Население городка на Сене в ту весну 1920 года росло что ни день, и что ни день яснее становилось, какое это разношерстное население. Название «городок» придумала для русского Парижа Надежда Тэффи, давняя знакомая Дон-Аминадо. Они оба сотрудничали в «Сатириконе», она еще в первом, который выходил с 1908 года, он — в новом, издававшемся с 1916-го, — и обоих лихие времена забросили в Одессу, где Тэффи поселилась в Лондонской гостинице, в номере, который до нее занимал Бурцев. В оконченных через десять лет «Воспоминаниях» Тэффи заметила про свое одесское пребывание: «Жить в анекдоте не весело, скорее трагично». И описала это житье несколькими выразительными штрихами: постоянный всевластный страх, терроризирующие город бандиты, у которых собственное государство в катакомбах, но при всем том театры и клубы переполнены, а в карты проигрываются миллионы. Потом, возвращаясь домой ночью, засовывают за щеку или в носки последнее уцелевшее кольцо.

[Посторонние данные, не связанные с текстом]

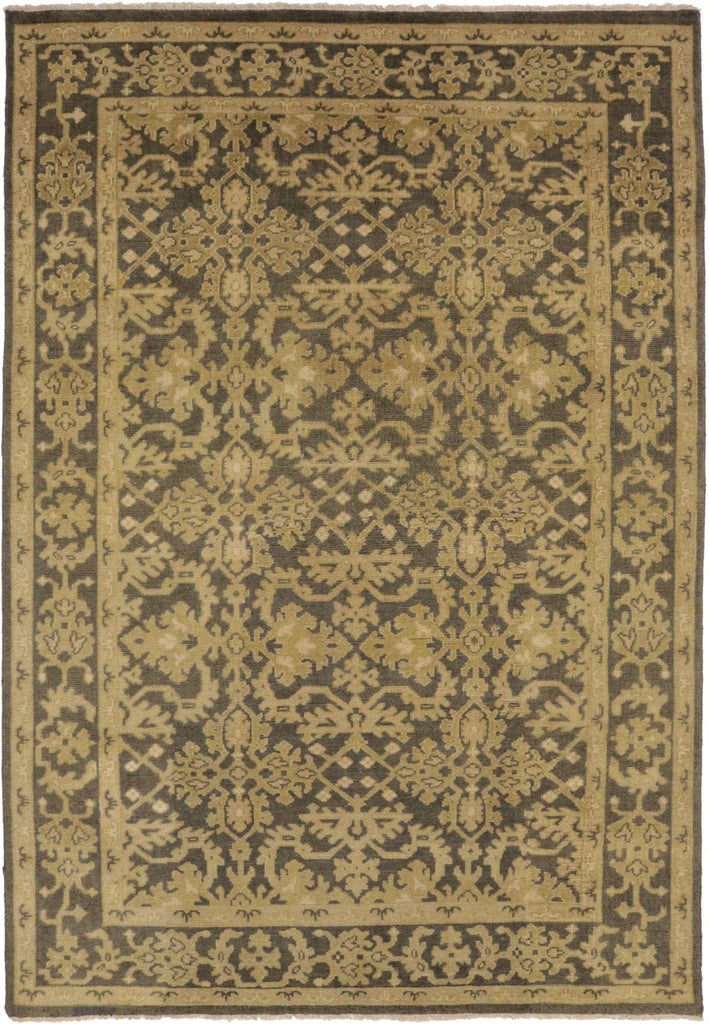 Dark Brown Transitional Floral 6X9 Oriental Rug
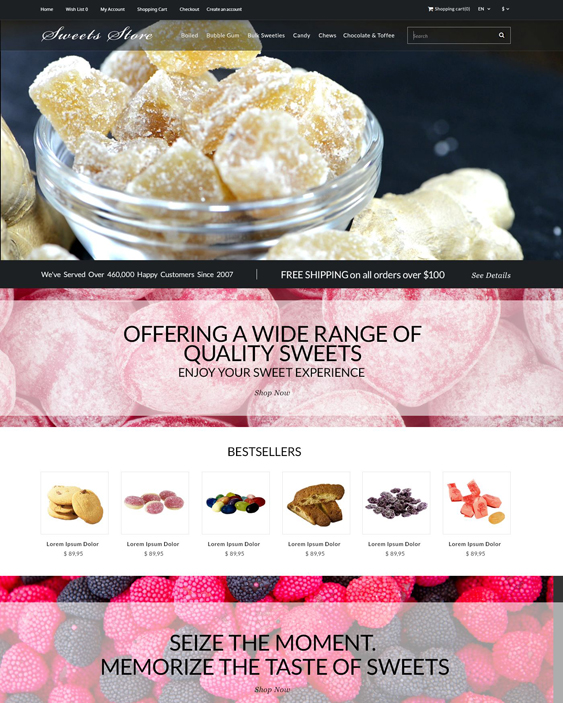 candy food drink restaurant opencart themes
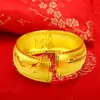 Braccialetto 1pc di lusso drago e fenice per le donne oro 24 carati spesso splendido regalo di gioielli da sposa femminile intagliato da sposa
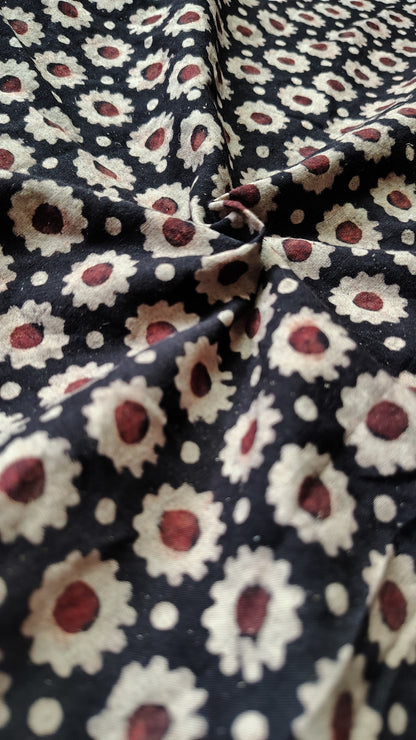 Black Geometric Ajrakh Print Cotton Fabric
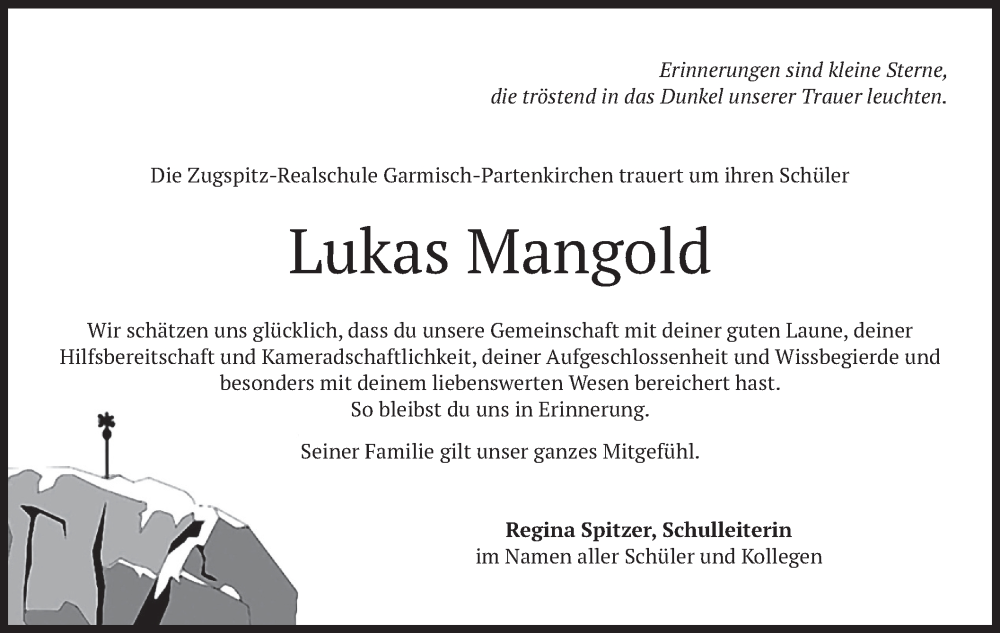  Traueranzeige für Lukas Mangold vom 02.07.2022 aus merkurtz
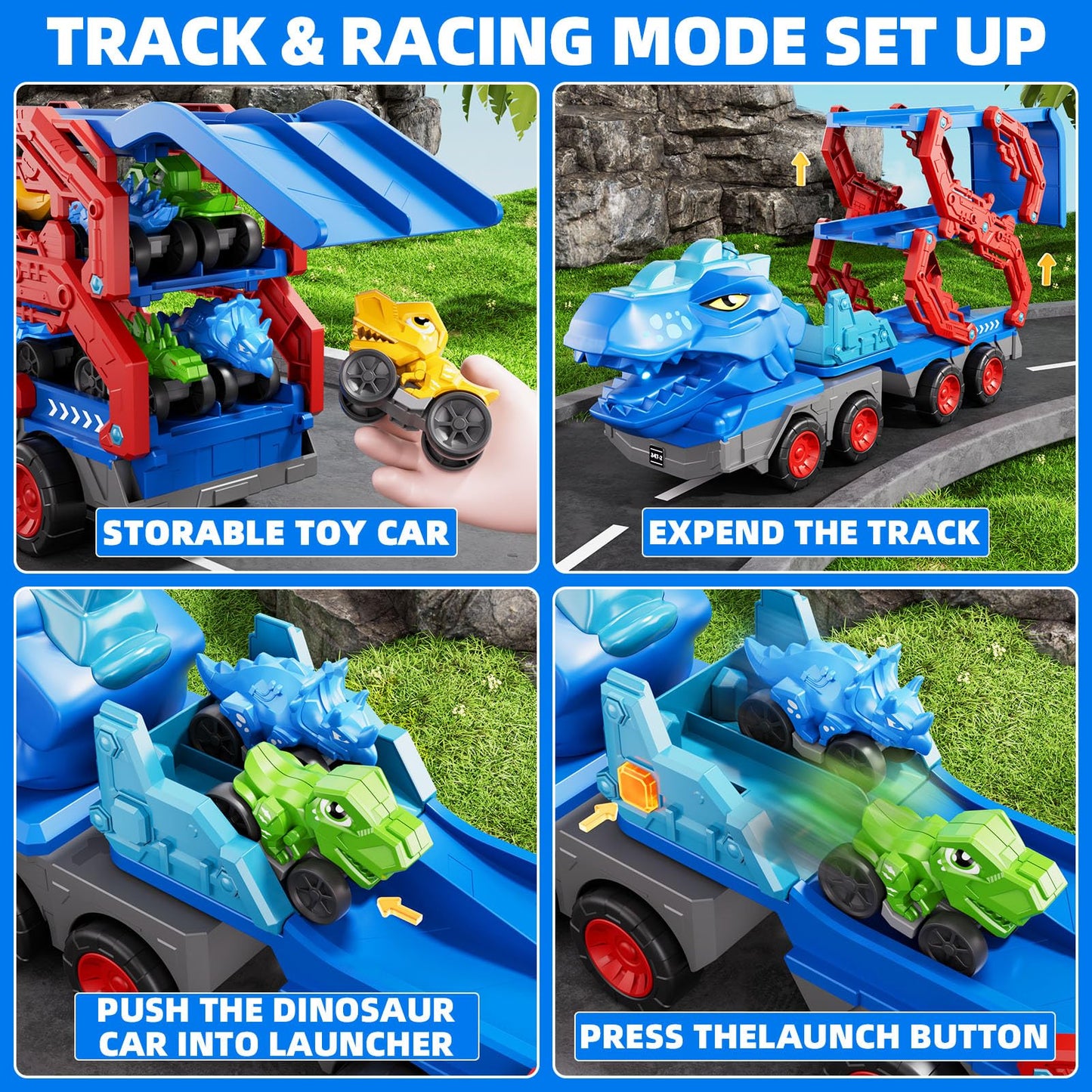 10 in 1 Dinosaur Truck Toys for Kids Toddlers Boys 3-5 4-8, Dino Carrier Truck with Foldable Track, Spray, Light & Sounds and 9 Dino Cars, Birthday Gifts for Kids Boys Girls 3 4 5 6 7 8 Year Old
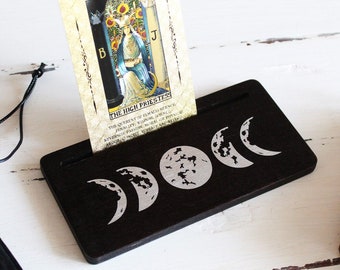 Black Tarot Card Holder for Card of the Day Tarot Card Stand Tarot Oracle Card Holder Moon Phase Tarot Gifts Mediation Wiccan Altar Supplies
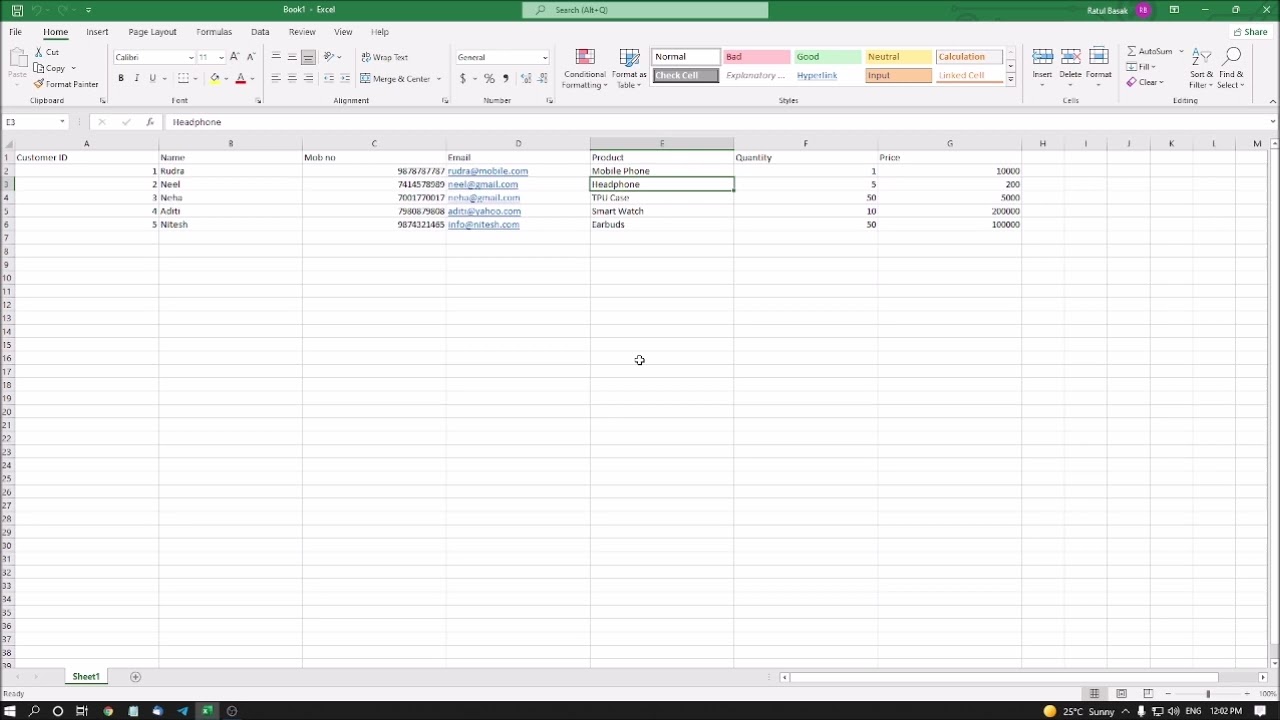 Advance Excel 4 | Inserting Row And Column Headers Using Screen Reader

Об этом времени есть записи и в дневнике Веры Буниной, как раз в Одессе познакомившейся с Тэффи, которая «производит впечатление очень талантливой женщины». Они подружились. С Буниными Тэффи сохранит самые теплые отношения до последних своих дней. Некоторые считали, что у нее слишком злой язык, но даже к Ал. Толстому, тоже входившему в их одесскую компанию, она постаралась сохранить былое расположение. «Мы все Толстого любили, — вспоминала Тэффи вечность спустя, в 1948-м. — Он был занятный собеседник, неплохой товарищ и в общем славный малый… „Алешку“ принимали таким, каков он был». С «Алешкой», превратившимся в дородного, обрюзгшего советского лауреата, Тэффи увидится летом 35-го года на парижском Конгрессе писателей в защиту культуры и напишет Бунину: «Чувствовала себя как во сне, когда снится Россия. Видишь нечто хамское, но свое».
Из Одессы, еще до того, как начался массовый исход в Константинополь, Тэффи двинулась дальше по югу. Однако под конец дорога привела туда же, на Босфор, только последним русским городом в ее жизни оказался Новороссийск. Тэффи знала, что хочет уехать: ей было страшно. «Конечно, не смерти я боялась. Я боялась разъяренных харь с направленным прямо мне в лицо фонарем, тупой идиотской злобы. Холода, голода, тьмы, стука прикладов о паркет, криков, плача, выстрелов и чужой смерти. Я так устала от всего этого. Я больше этого не хотела. Я больше не могла».
«Воспоминания» Тэффи обрываются на щемящей ноте: с палубы парохода «Великий князь Александр Михайлович» она, давшая себе зарок не оборачиваться и не жалеть, все же обернулась. «Глазами, широко, до холода в них, раскрытыми, смотрю. И не отойду. Нарушила свой запрет и оглянулась. И вот, как жена Лота, застыла, остолбенела навеки и веки видеть буду, как тихо-тихо уходит от меня моя земля».